RepeatMasker

Introduction

RepeatMakser is a program that screens DNA sequences for interspersed repeats and low complexity DNA sequences. Detailed usage can be found here: http://www.repeatmasker.org.

Versions

  • 4.1.2

Commands

  • RepeatMasker

Database

Note

As of May 20, 2019 GIRI has rescinded the working agreement allowing the www.repeatmasker.org website to offer a repeatmasking service utilizing the RepBase RepeatMasker Edition library.
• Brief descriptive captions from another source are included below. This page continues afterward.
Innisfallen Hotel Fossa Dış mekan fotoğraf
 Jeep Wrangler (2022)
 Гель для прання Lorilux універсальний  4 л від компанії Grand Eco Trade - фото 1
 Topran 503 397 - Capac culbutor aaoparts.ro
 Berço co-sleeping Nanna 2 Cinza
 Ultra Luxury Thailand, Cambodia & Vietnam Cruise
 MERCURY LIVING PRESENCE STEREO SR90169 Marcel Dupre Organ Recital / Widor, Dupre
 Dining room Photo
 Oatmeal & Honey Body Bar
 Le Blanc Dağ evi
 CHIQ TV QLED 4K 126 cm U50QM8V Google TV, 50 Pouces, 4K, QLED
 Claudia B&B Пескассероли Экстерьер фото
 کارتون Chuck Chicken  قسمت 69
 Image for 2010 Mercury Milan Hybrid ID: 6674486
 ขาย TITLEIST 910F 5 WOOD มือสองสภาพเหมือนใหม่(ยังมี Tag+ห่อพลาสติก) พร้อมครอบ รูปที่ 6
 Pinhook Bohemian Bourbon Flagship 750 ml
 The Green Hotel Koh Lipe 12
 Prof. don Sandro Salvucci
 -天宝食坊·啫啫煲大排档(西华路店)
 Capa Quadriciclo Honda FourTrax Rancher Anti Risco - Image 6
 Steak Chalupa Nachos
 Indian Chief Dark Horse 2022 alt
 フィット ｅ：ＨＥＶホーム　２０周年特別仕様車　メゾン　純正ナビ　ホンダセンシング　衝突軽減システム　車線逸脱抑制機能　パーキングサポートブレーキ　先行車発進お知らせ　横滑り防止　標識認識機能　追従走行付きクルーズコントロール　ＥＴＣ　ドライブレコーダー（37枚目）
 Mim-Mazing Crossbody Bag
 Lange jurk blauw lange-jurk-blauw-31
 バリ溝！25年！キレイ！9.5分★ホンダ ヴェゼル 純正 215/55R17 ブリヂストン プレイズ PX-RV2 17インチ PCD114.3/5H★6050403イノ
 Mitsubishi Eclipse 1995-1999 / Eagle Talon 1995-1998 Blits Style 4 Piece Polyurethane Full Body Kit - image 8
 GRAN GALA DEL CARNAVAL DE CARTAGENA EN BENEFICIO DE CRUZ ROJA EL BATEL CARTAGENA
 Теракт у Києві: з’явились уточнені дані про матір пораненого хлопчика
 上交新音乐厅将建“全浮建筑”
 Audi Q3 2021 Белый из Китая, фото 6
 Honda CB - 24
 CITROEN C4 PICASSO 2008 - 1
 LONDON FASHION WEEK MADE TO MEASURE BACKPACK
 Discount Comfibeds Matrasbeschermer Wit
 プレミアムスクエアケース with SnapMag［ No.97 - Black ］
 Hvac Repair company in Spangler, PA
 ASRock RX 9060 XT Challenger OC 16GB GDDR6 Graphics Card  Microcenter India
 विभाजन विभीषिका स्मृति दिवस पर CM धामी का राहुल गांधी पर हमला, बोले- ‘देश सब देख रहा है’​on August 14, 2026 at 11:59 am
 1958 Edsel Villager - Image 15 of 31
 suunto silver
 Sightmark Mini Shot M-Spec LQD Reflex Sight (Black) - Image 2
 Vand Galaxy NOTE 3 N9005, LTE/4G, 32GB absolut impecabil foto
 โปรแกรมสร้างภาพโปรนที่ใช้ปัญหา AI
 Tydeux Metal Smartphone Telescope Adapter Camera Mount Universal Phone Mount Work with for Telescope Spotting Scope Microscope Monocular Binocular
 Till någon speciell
As a result, repeatmasker can only offer masking using the open database Dfam, which starting in 3.0 includes consensus sequences in addition to profile hidden Markov models for many transposable element families. Users requiring RepBase will need to purchase a commercial or academic license from GIRI and run RepeatMasker localy.

In our cluster, we set up the Dfam relaese 3.5 (October 2021) that include 285,580 repetitive DNA families.

Species name

Note

Since v4.1.1, RepeatMakser has switched to the FamDB format for the Dfam database. Due to this change, RepeatMasker becomes more strict with regards to what is acceptable for the -species flag. The commonly used names such as “mammal” and “mouse” will not be accepted. To check for valid names, you can query the database using the python script famdb.py (https://github.com/Dfam-consortium/FamDB).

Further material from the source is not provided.